#### DATA EXTRACTS:
----
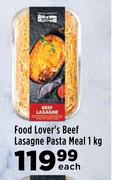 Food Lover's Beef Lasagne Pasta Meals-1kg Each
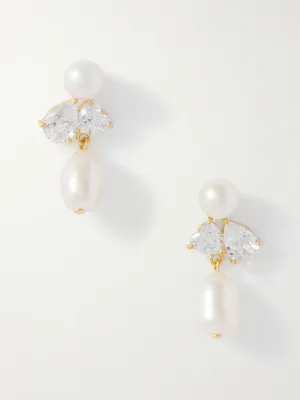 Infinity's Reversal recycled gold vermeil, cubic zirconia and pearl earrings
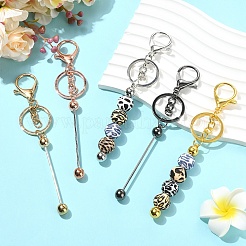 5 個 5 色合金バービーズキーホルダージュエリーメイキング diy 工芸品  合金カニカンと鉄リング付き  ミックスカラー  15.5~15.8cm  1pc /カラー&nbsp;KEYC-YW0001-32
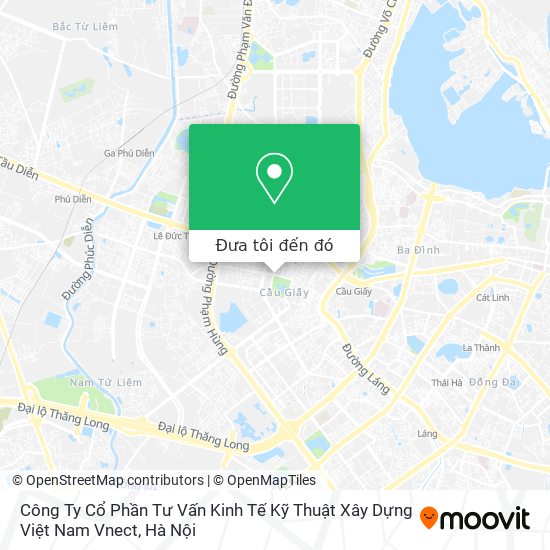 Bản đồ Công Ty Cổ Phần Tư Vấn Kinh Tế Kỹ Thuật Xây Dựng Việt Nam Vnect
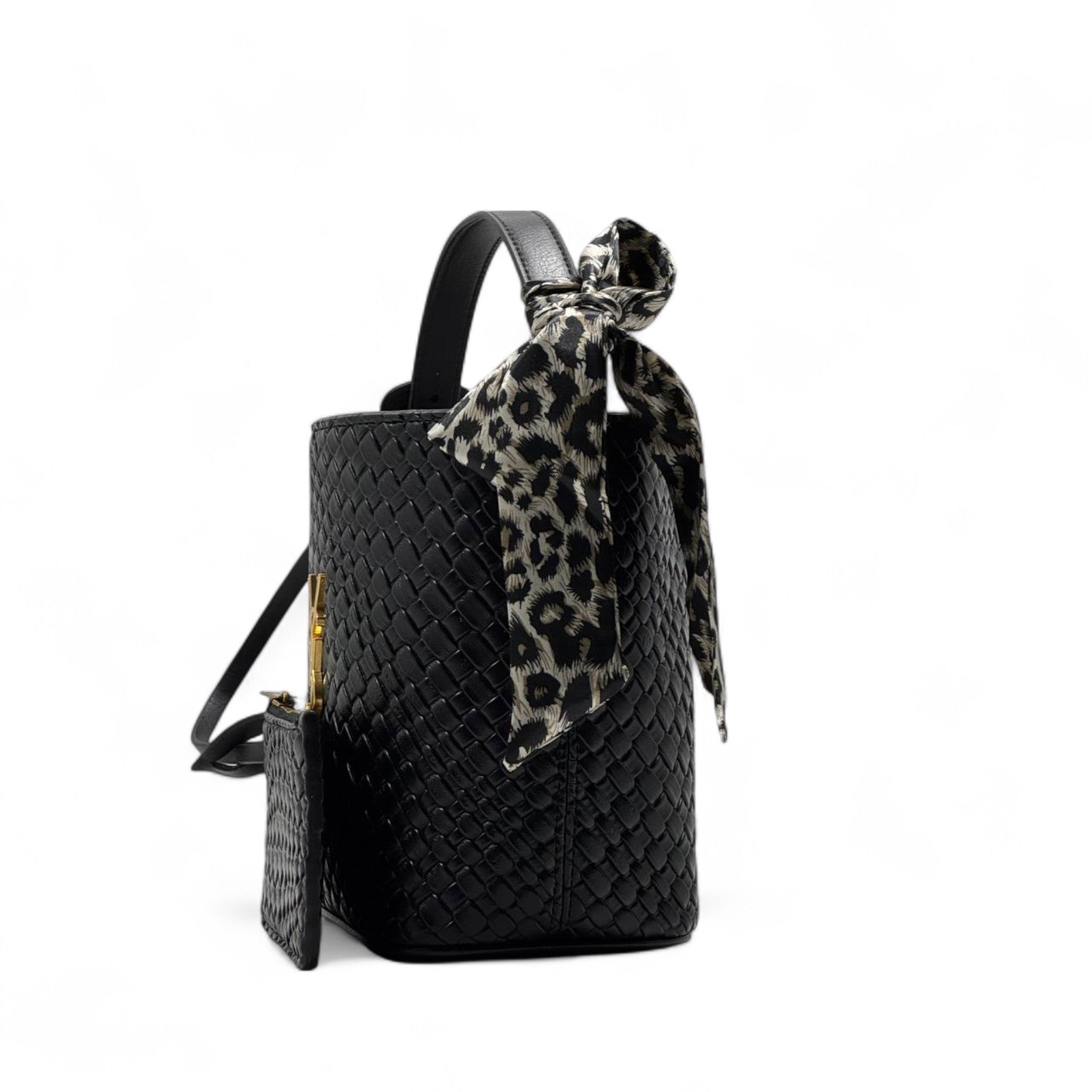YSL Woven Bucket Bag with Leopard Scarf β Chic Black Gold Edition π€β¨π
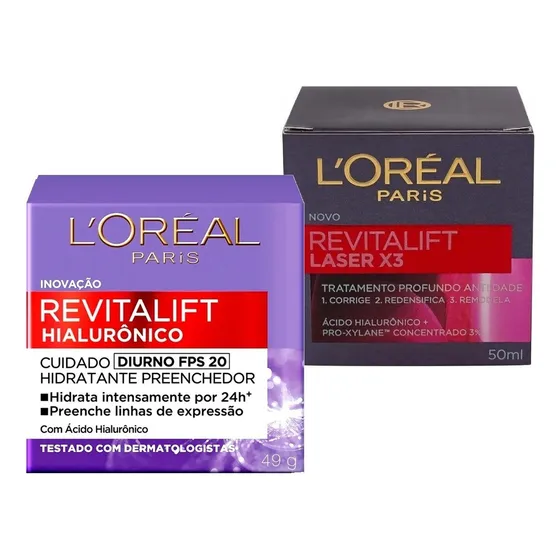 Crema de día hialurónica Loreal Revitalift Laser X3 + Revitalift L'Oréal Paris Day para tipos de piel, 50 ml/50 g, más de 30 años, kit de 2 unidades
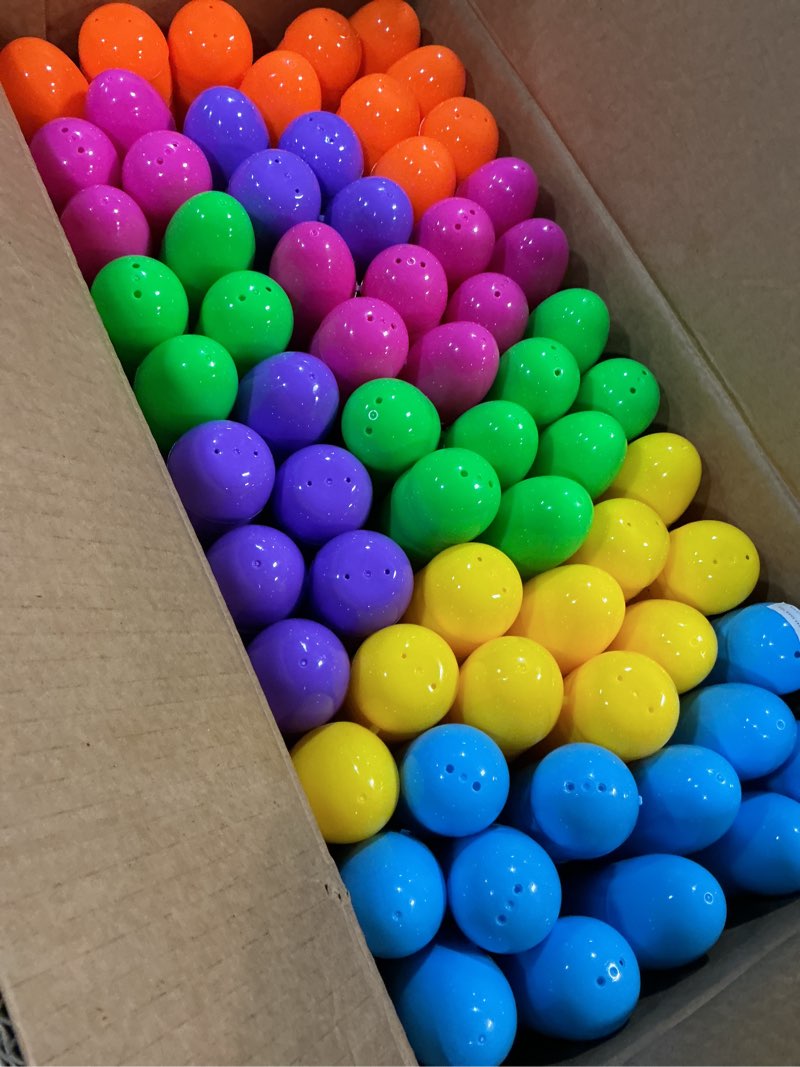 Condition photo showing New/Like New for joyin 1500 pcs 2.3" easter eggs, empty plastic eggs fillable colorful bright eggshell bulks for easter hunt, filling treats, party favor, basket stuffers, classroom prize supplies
----
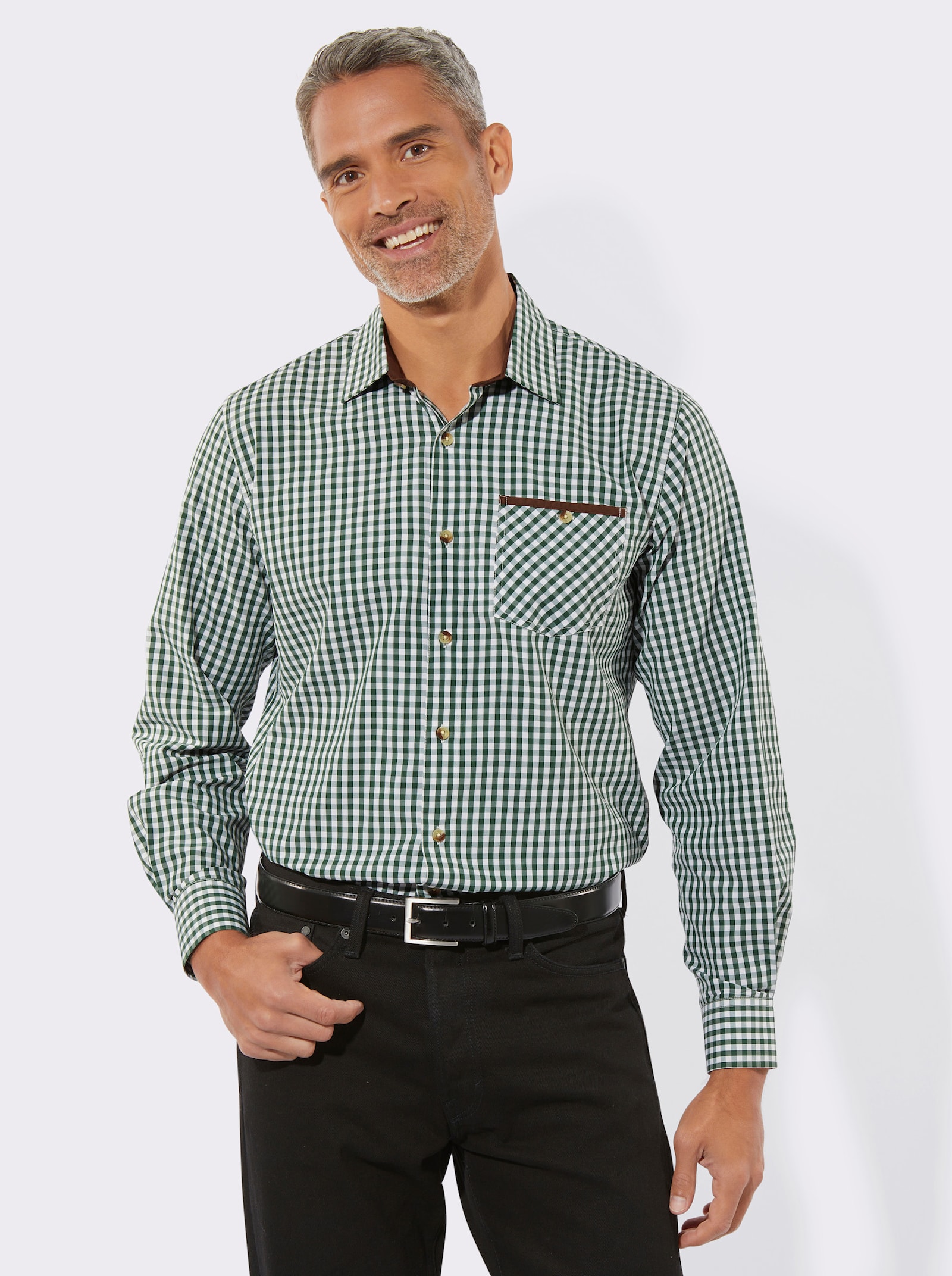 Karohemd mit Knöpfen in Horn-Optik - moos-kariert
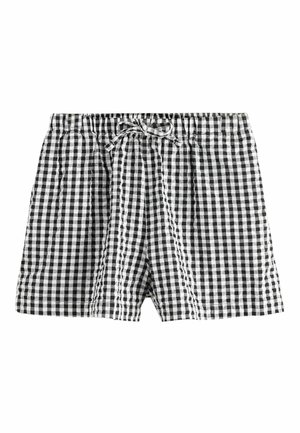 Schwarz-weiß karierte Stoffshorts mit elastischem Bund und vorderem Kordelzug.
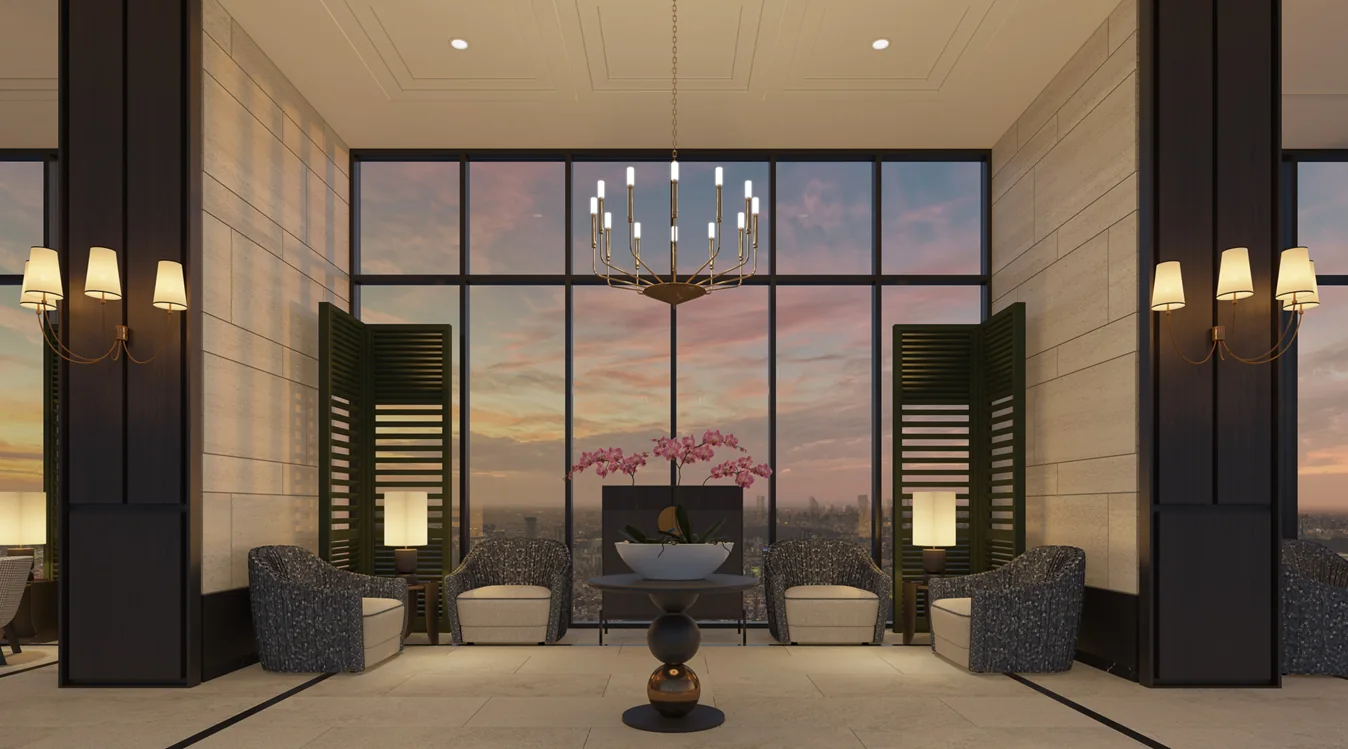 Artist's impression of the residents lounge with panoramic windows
----
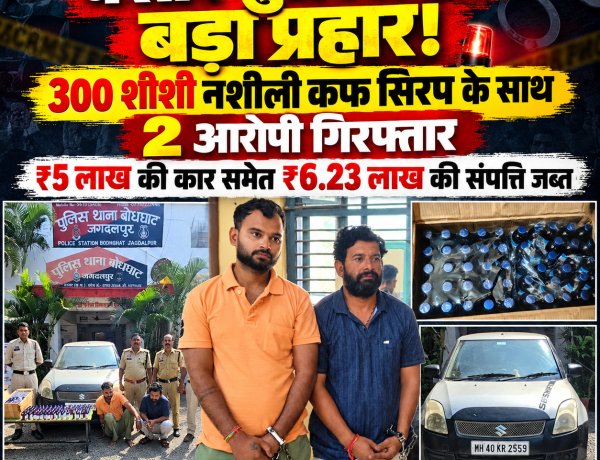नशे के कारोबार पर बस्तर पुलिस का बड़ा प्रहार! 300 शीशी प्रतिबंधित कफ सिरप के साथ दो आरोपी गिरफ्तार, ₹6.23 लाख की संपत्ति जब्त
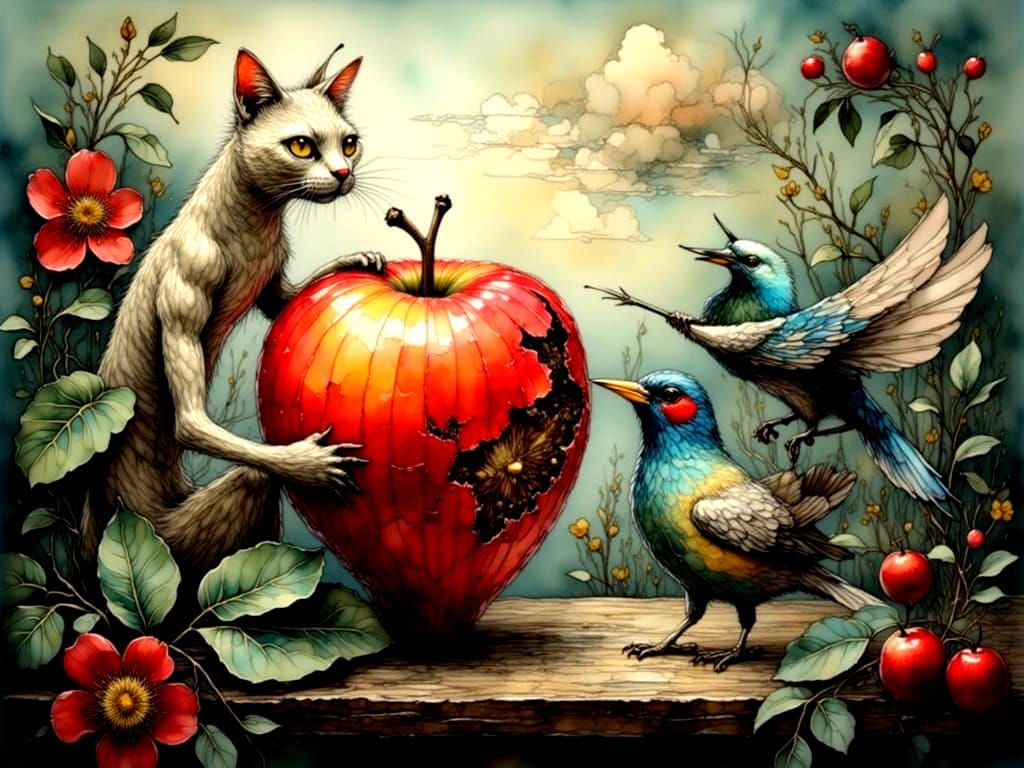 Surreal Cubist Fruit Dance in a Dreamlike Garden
----
#### TO DO:
Using the records above, return verbatim only the part that opens with the line containing "Food Lover's Beef" and closes with the line containing "Condition photo showing"; pictures stay out.

#### YOUR RESPONSE:
 Food Lover's Beef Lasagne Pasta Meals-1kg Each
 Infinity's Reversal recycled gold vermeil, cubic zirconia and pearl earrings
 5 個 5 色合金バービーズキーホルダージュエリーメイキング diy 工芸品  合金カニカンと鉄リング付き  ミックスカラー  15.5~15.8cm  1pc /カラー&nbsp;KEYC-YW0001-32
 Bản đồ Công Ty Cổ Phần Tư Vấn Kinh Tế Kỹ Thuật Xây Dựng Việt Nam Vnect
YSL Woven Bucket Bag with Leopard Scarf β Chic Black Gold Edition π€β¨π
 Crema de día hialurónica Loreal Revitalift Laser X3 + Revitalift L'Oréal Paris Day para tipos de piel, 50 ml/50 g, más de 30 años, kit de 2 unidades
 Condition photo showing New/Like New for joyin 1500 pcs 2.3" easter eggs, empty plastic eggs fillable colorful bright eggshell bulks for easter hunt, filling treats, party favor, basket stuffers, classroom prize supplies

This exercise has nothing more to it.